**EXERCISE**.
The answer must be every line of the records below that contains the word "know", copied out.

(Source data)
○ ○ ○ ○ ○ ○ ○

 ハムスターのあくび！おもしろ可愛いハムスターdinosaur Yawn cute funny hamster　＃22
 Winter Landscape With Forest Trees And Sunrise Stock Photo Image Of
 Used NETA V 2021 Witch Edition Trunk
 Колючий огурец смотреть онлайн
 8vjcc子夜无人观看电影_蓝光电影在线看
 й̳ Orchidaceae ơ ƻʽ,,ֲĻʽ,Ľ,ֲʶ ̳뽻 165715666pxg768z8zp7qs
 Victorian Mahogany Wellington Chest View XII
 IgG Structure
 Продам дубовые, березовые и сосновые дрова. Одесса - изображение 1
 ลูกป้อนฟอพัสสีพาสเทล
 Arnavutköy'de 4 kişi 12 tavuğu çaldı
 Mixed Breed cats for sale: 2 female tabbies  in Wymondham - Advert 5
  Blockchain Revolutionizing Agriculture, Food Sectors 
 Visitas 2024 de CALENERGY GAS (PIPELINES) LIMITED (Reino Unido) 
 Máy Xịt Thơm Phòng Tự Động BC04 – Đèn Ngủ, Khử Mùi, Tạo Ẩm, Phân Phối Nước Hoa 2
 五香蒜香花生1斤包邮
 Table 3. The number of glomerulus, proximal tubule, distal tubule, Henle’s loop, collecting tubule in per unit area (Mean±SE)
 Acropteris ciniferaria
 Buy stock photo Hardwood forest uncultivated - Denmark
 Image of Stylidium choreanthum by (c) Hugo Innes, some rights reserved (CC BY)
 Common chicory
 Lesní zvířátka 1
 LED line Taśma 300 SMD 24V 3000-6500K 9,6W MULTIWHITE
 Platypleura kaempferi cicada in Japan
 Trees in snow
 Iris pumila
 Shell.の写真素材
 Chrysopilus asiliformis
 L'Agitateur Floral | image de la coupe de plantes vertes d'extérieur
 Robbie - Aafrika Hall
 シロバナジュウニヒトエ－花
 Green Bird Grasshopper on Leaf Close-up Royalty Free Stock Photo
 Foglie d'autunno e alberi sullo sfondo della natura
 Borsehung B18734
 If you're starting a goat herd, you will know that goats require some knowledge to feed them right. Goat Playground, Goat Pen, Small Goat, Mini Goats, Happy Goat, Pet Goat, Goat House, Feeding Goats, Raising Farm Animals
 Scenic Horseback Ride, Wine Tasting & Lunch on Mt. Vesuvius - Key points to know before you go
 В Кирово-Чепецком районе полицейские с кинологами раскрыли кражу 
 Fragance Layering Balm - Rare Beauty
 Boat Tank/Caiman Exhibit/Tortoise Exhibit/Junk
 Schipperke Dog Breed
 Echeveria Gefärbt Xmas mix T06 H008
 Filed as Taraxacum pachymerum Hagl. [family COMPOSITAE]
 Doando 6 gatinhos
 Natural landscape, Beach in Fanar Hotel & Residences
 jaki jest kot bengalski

○ ○ ○ ○ ○ ○ ○

**SOLVED PROBLEM**.
 If you're starting a goat herd, you will know that goats require some knowledge to feed them right. Goat Playground, Goat Pen, Small Goat, Mini Goats, Happy Goat, Pet Goat, Goat House, Feeding Goats, Raising Farm Animals
 Scenic Horseback Ride, Wine Tasting & Lunch on Mt. Vesuvius - Key points to know before you go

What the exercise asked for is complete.